Haddinden fazla demokrasi belasının içine neler girmez neler. Parçalanan çocuklara karşı köpeklerin safında duranlar, terör örgütü elebaşlarını açıktan destekleyenler, meşru Cumhurbaşkanına diktatör diyebilen şer odakları, LGBT pisliğini sokaklarda utanmadan savunanlar, idam cezasına karşı çıkanlar ve diğerleri.

Haddinden fazla ifade hürriyeti hiç kimseye bu millete hakaret etme, aşağılama ve düşmanca hislerini kusma imkân vermemeli. Meymenetsiz tiplerden ekranlara veya sosyal medyaya yayılan küfür ve hakaretlerin bu ülkede bir cezası olmayacak mı? Devlet devletliğini yapmazsa bu millet hakkını, hukukunu ve kutsallarını nasıl koruyacak?

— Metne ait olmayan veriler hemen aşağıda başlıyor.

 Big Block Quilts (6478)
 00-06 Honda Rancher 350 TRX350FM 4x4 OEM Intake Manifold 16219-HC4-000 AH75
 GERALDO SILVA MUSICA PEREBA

Sosyal medya deseniz tam bir bataklığa dönmüş vaziyette. Nerede ruh hastası, imansız, ahlaksız insan varsa bu mecrada rahatça faaliyet yürütmekte ve insanları manipüle etmeye çalışmaktadır.  Sıkıştıklarında arkasına saklandıkları tek bir savunmaları var: İfade hürriyeti.

Hâlbuki devletin ve milletin milli ve manevi kırmızı çizgileri muhafaza edilmeli ve her ne suretle olursa olsun yıpratılmasına asla müsaade edilmemelidir. Devlet bu kendini bilmez cahillere, hainlere deyim yerindeyse nefes aldırmamalıdır.

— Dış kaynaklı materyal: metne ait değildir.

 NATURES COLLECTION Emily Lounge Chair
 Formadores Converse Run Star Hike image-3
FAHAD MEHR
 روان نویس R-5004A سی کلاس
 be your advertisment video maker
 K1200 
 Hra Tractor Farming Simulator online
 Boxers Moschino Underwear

Haddinden fazla serbest piyasa bu ülkenin iktisadi anlamda ipleri eline almasına her daim engel olmuştur. Aşırı serbest piyasanın kontrolsüz imkânlarından istifade eden kesimler bellidir: Sermaye sahipleri, faizden servetine servet katanlar, zamanında katakulliler ile köşe başlarını tutan oligarklar, küresel sermayenin içimizdeki uşakları.

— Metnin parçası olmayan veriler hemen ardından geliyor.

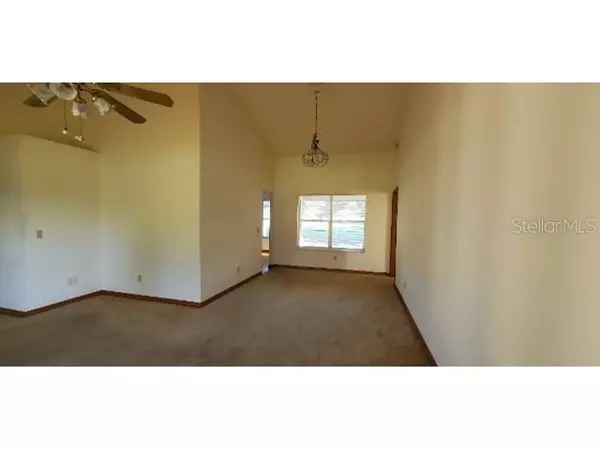 Wesley Chapel, FL 33545,29306 RHODIN PL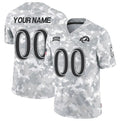 cheap jerseys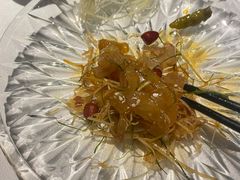 -炳胜品味(海印总店)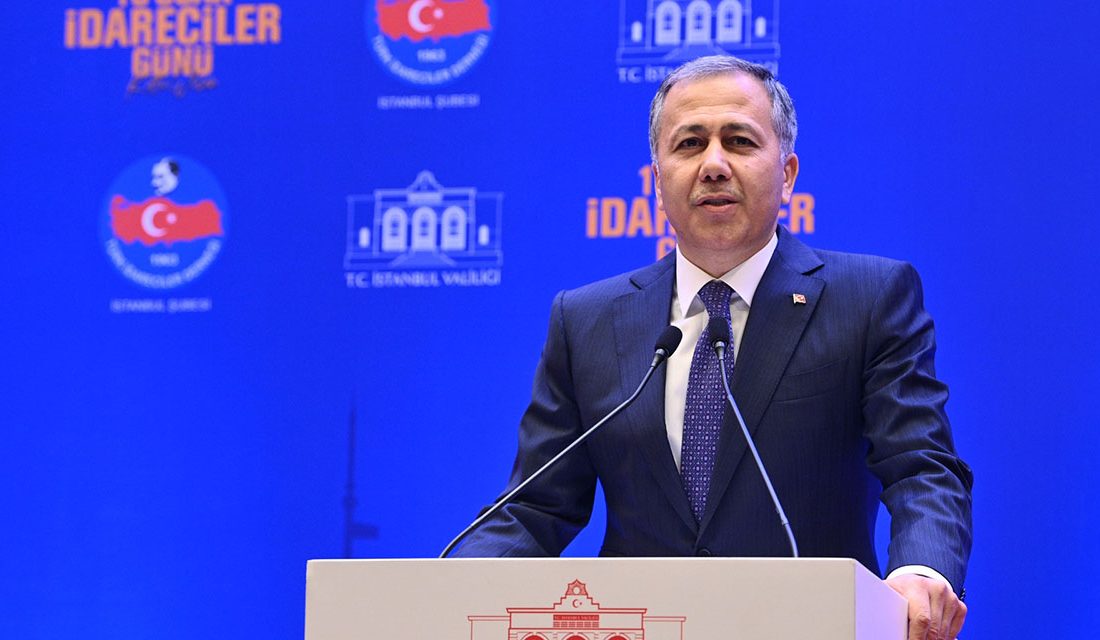   Silah kazası sonucu yaralanan uzman çavuş hastanede şehit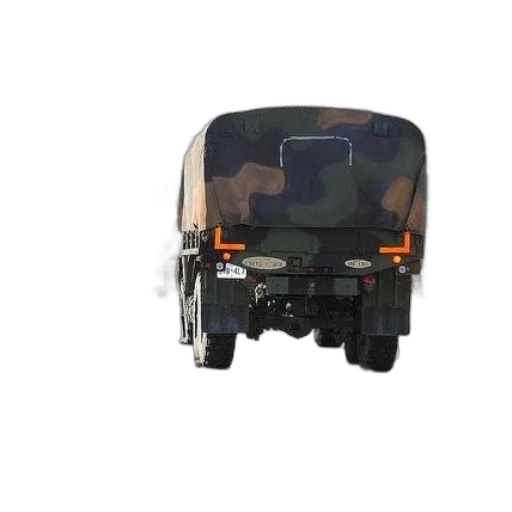 weapon, hat, car, face transparent PNG cut-out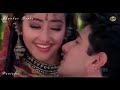 Song Lshq Main Mere Rabba DJ Jhankar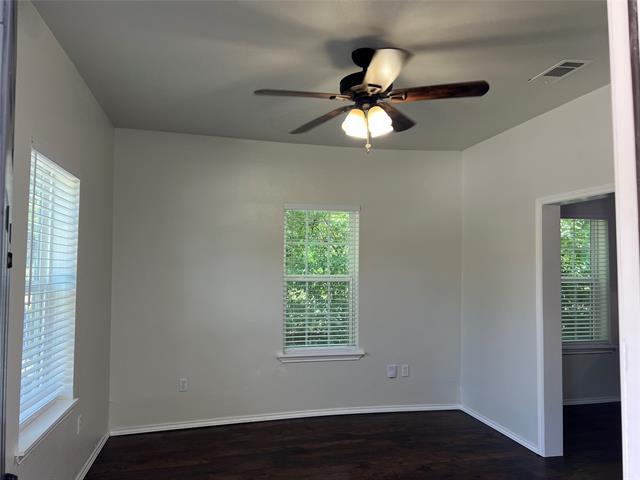 414 N Flat St in Waxahachie, TX - Building Photo - Building Photo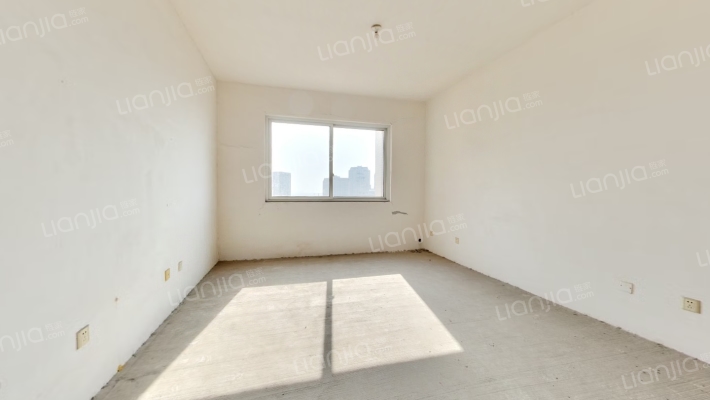 吉祥佳苑二手房实景图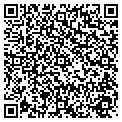 QR code with Start Me Up contacts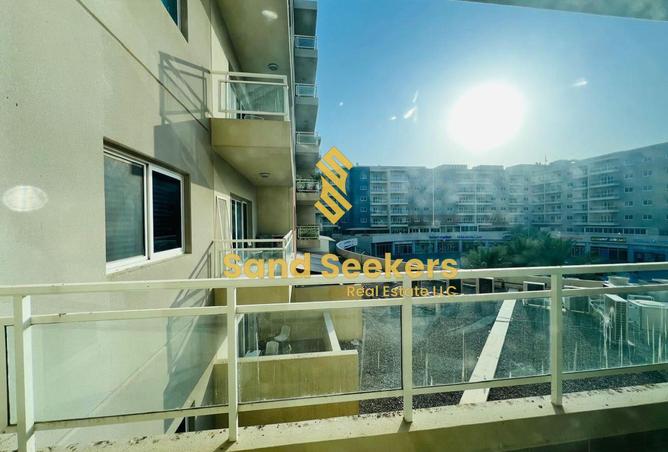 15330259 - Property Image 3
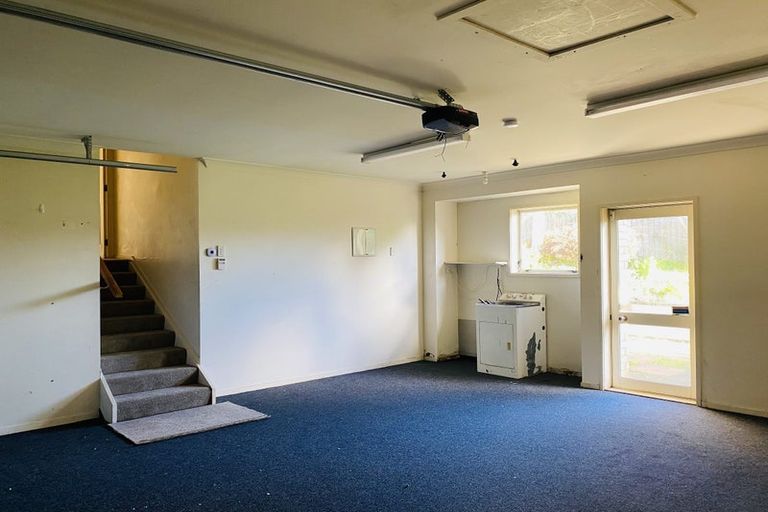 Photo of property in 89 Somerville Road, Somerville, Auckland, 2014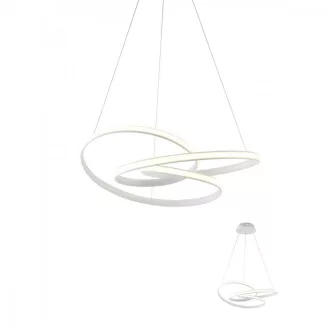 Smarter 01-2190 Sintra függeszték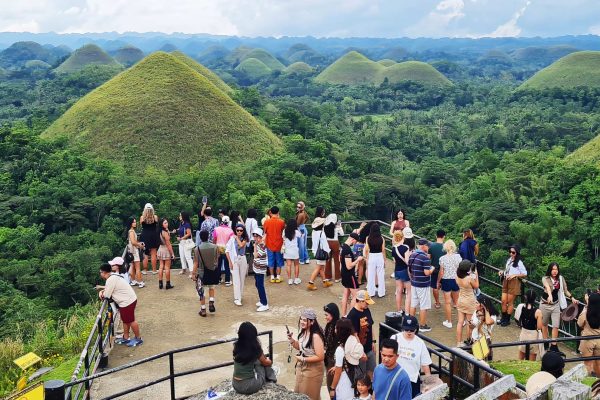 Filippseyjar-Chocolate-Hills-Bohol-01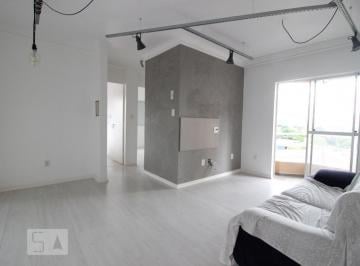 Apartamento · 58m² · 2 Quartos · 1 Vaga · Apartamento para Aluguel - Jardim Iris , 2 Quartos, 58 m² - São Paulo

Peki ya bir türlü dizginlenemeyen enflasyon canavarı? Kafasına göre istediği zaman ürün ve hizmet fiyatlarını artıran ve kimseye hesap vermeyen işletmelere, patronlara kim veriyor bu cesareti? Elbette aşırı serbest piyasamız. Denetim yok denecek kadar az ve bu ahlaksız insanlar ne alacakları cezadan korkuyorlar ne devletten ne de Allah’tan.